I wanted to be bold, but the article was semi-protected and wouldn't let me change it. Sorry about the sig.... 4111cca 18:39, 7 August 2007 (UTC)

My bad, I didn't notice it was semi protected. We've had problems with a persistent IP vandal. Natalie 18:40, 7 August 2007 (UTC)

Funny enough, it now lets me edit it, anywho, thanks for doing it anyway! 4111cca 18:41, 7 August 2007 (UTC)

Your account is four days old, so it is now "autoconfirmed" - you can now edit semiprotected pages as well as move pages. Natalie 21:51, 7 August 2007 (UTC)

First footnote[edit]

The first footnote in this article appears to be a link to a commercial website. Shouldn't it be removed?

trimming the see also section[edit]

The see also section is getting a bit too long to be very useful, but I'm not sure what should be cut. I did notice, though, that most of the see alsos are specific types of fraud, so perhaps we should create a "types of fraud" category or page and then simply direct people to that. Thoughts? Natalie 20:34, 20 September 2007 (UTC)

See External links! does not exist[edit]

Checked on and it says Small Scams does NOT exist. You should remove it! —Preceding unsigned comment added by Fortisever (talkcontribs) 22:14, 17 November 2007 (UTC)

Shinichi Fujimura[edit]

Here is the article about the criminal offense. Although Fujimura's misconduct can be seen as a fraud in the general meaning, there's more suitable article such as Scientific misconduct or Academic dishonesty, in which Fujimura was already mentioned. And I think there is a more appropriate example of scientific fraud than Fujimura's one. --Amagase (talk) 12:31, 26 March 2008 (UTC)

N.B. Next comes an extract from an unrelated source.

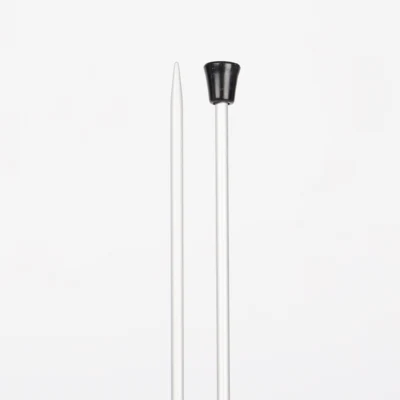 DROPS Basic Single Pointed Needles Aluminium 35 cm (2.00-5.00 mm)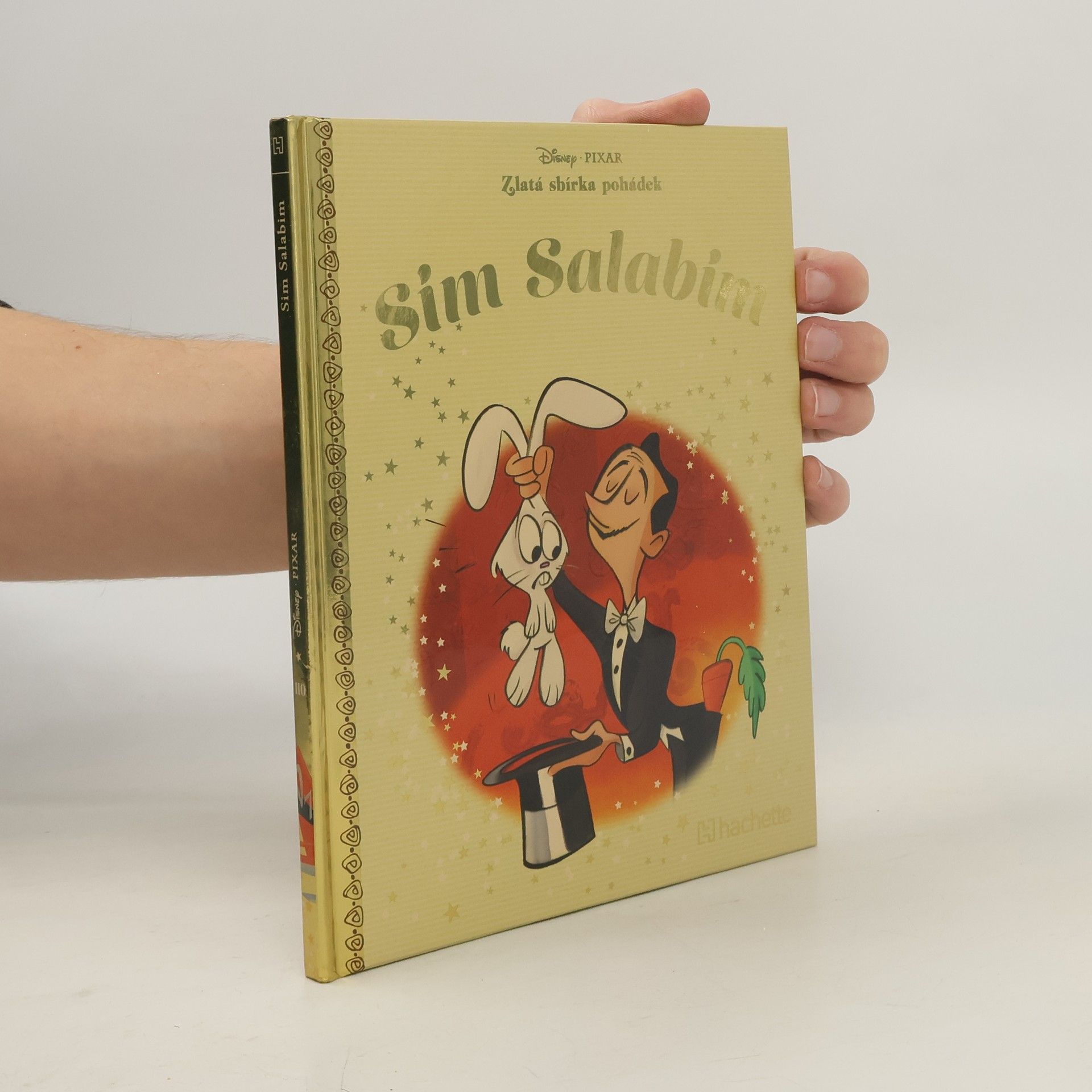 Collectif d'auteurs Zlatá sbírka pohádek 110. Sim Salabim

I added the more famous examples of scientific frauds than Fujimura. You satisfy this, don't you? And I warn Appletrees not to make a personal attack without any evidence --Amagase (talk) 13:56, 26 March 2008 (UTC)
That's what you're thinking. Fujimura has been more famous and conducted shocking incident in history field for a long time. I warn you about your personal attack and 'bad faith' edit. Besides, the case is so famous that the information has been addressed for over 2 years here. If you want to complain about the information being here, do to Fujimura who committed the crime, or User:Skysmith who initially added the info, or other editors who agreed with the addition for 2 years. As you wrote the above statement, you declared the "revenge" as contrasting you-know-what cases. I pointed out your bad assumption, and why would be falsely blamed of making such act by you? It is so funny. --Appletrees (talk) 14:32, 26 March 2008 (UTC)
Well most people don't agree your opinion. Here are the google search results.
747 hits for "Fujimura shinichi"
114,000 hits for "Hwang Woo Suk"
33,000 hits for "Charles Dawson"
You imply I'm covering up the awkward case for Japanese, because I am a Japanese user. The reason why I removed the Fujimura's link is shown above and it's obviously reasonable. But you reverted my edit so I compromised and added the more suitable names for scientific frauds. AND YOU REVERT MY EDITS AGAIN AND LEAVE ONLY THE FUJIMURA'S CASE. Do you have any comments? I remember you wrote a nasty message in the edit summary box of the other article. If you would continue to criticize me without evidence, I should bring your attitude into official question. --Amagase (talk) 14:55, 26 March 2008 (UTC)
Most of people? Who? With what definition and ground? Even if you're right, mentioning 'most people' is meaningless here and unwarranted for your claim. The result by the "Japanese" google engine with "English name" shows a defect to justify your act. I certainly left your addition which is a compromised version, so please try to say "truth". If your edits don't constitute to Wikipedia policies, I have a valid reason to "REVERT YOUR EDIT". What is official question? Are you threatening me? Thus, you are also violating WP:OWN and WP:THREAT Don't forget you already violated WP:3RR but I let it because I expected you to behave civil. If you keeping such, you better prepare to be questioned for your conduct. --Appletrees (talk) 15:40, 26 March 2008 (UTC)
Google results don't change if you would switch your interface language. I showed the google results as a source of my opinion, but what is your ground? You show nothing and just repeat the reverts. I have checked your recent edits and easily noticed your obvious anti-Japanese and Korean nationalistic attitude. All of your edits in the ancient Japan-related articles, such as Talk:Japanese language or Talk:Imperial House of Japan are based on the spread-eagleism with dubious sources. Why you use more reliable source such as academic journals or evaluated books? If you want to bring the discussion to the administrator's board, feel free to do so. --Amagase (talk) 16:44, 26 March 2008 (UTC)
You're speaking a totally irrelevant matter here which doesn't make your edit legitimate. I already said my rationale above, because his fraud is very notable and suits for what fraud defines. You keep making personal attacks and falsely accusing me of removing your edit that is surely a LIE. Then you call me "anti-Japanese sentiement" and "nationalistic Korean"? Your ill faith and personal attacks are not tolerable. I already acknowledge your behavior as removing all mentions about Korean on ancient history of Japan. So your allegation looks groundless and makes you more unreasonable. Your adding 'Hwang Woo-seok is also "revenge" and you violated 3RR. What is your excuse?--Appletrees (talk) 16:59, 26 March 2008 (UTC)
OK, Go on this absurd argument till the last. I'm certain that you should be removed from the Wikiepdia community. --Amagase (talk) 17:15, 26 March 2008 (UTC)
This another personal attack and threat tells who you are. That is pretty sad.--Appletrees (talk) 17:37, 26 March 2008 (UTC)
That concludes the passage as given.